We can also note that the numeric values seem to be on similar scale.
Note that scale is important, because if you were planning on using an algorithm such as linear regression, neural networks, K-means, etc. as part of your narrative/analysis you’d need to take into scaling into account.
For example, when dealing with data such as housing you might value such as $450,000 for the house price and the value 3 for the number of bathrooms. In these cases you’d need to apply normalization
and/or standardization
techniques to mitigate the variances between the value scales.

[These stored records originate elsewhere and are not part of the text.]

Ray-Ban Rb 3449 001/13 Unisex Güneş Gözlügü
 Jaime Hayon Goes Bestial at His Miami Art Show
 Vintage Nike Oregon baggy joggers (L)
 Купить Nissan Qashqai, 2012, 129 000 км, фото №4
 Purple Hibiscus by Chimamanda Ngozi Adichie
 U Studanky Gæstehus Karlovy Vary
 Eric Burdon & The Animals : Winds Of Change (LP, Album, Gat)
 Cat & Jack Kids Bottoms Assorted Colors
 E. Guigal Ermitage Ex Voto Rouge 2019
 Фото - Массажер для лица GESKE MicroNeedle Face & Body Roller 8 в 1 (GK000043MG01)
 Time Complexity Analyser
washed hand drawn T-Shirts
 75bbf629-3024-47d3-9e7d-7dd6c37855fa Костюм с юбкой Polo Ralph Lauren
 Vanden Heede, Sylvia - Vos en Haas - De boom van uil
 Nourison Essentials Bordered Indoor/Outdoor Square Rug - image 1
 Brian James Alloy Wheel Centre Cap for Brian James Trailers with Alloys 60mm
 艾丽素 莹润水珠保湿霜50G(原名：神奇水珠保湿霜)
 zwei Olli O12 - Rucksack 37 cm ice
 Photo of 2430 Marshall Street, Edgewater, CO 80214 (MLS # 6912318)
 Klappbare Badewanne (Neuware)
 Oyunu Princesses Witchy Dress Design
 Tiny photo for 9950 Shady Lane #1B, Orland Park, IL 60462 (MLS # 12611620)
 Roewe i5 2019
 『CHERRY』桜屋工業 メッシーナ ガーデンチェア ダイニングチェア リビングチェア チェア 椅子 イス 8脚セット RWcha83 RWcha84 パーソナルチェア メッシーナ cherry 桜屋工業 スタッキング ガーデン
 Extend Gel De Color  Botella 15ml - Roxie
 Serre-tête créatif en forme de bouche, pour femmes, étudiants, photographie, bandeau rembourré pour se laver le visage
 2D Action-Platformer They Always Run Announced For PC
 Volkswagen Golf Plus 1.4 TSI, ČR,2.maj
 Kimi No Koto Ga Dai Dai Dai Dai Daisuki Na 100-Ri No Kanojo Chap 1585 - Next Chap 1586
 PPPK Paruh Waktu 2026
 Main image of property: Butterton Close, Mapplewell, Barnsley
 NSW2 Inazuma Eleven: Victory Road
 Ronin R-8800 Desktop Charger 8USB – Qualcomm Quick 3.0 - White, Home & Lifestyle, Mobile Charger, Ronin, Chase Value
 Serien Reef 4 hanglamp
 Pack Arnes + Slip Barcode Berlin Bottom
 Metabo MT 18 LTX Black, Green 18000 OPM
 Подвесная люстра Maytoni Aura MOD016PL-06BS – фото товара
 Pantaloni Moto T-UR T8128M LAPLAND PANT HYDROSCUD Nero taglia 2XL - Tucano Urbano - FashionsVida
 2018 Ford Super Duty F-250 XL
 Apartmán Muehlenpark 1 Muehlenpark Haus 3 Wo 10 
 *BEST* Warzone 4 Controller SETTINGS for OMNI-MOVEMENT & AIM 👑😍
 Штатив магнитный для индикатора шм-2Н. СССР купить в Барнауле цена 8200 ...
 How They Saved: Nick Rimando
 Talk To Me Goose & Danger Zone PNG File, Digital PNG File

For example, we wouldn’t want the computer to become confused and think that the number of bathrooms was so small in comparison to the house price that it had no effect, which is quite the opposite!
While these topics are out-of-scope for this article, if you want to learn more you can read more about them here.
Class distribution
Let’s examine the last column which appeared to be categorization labels for each row. How many different classes/labels are we dealing with?
data.groupby('class').size()
class
Iris-setosa 50
Iris-versicolor 50
Iris-virginica 50
dtype: int64
We note that we have an even distribution of classes/labels among the samples.
If you were planning on using data modeling this would be important, because you’d have to account for a disparity in the number of classes within the observations if an imbalance existed.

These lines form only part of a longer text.